John Sear, who has served as the director of the British Atomic Energy Authority for a long time, said with emotion when he talked about the talent management view of the British business community: “Only companies that have a wholehearted and thorough cooperation between consultants and employees can play a high Benefit. Managers must maintain close contact with the sales department or factory operations."

   There are many differences between great people and ordinary people. One of them is that great people remember thousands of ordinary people's names, while ordinary people remember thousands of great people's names in their minds.

   Unlike many CEOs, Jack Welch spends more than 50% of his working time on personnel. He believes that his greatest achievement is to care for and cultivate talents. He can name at least 1,000 senior General Electric executives (about 170,000 GE employees), know their responsibilities, and know what they are doing. Welch himself once said: "All we can do is to bet on the people we choose. Therefore, all my job is to choose the right people."

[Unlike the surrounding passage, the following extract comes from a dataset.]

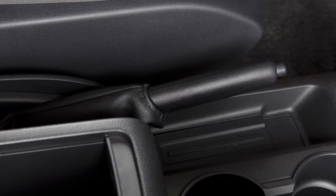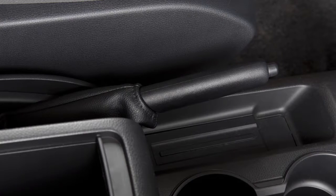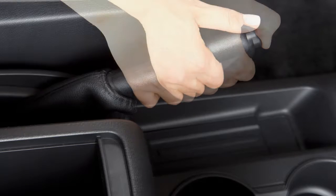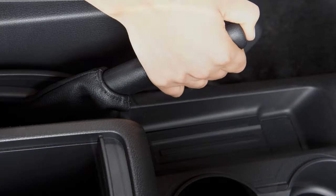Your vehicle is equipped with a parking brake located in the center console. Pull firmly up on this handle to apply the parking brake. To release, firmly depress the brake pedal and pull up on the handle slightly while pressing the button, then lower completely.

   Tang Jun is known as the "working emperor" because he spent 7 years at Microsoft from an ordinary technician to the president of China, and retired as a lifetime honorary president. Later, when he moved to Shanda, stock options worth hundreds of millions of yuan and hundreds of thousands of daily salary became a topic of interest. During his time at Microsoft, Tang Jun's first important promotion opportunity was due to his good character. For an excellent professional manager, a good personality can better communicate with superiors, subordinates, customers, and peers, and it can definitely play a role as a lubricant. Tang Jun can remember the name of each of the more than 1,000 Microsoft employees, and will ask the company's aunt to help the employees pay the utility bills. On weekdays, the company is responsible for going to the airport and the station to pick up each employee's family... It has been more than a year since leaving Microsoft. He will often eat, drink tea, and chat with his former subordinates and employees.

  As a professional manager of a large company, Tang Jun’s success lies in his ability to take care of every employee.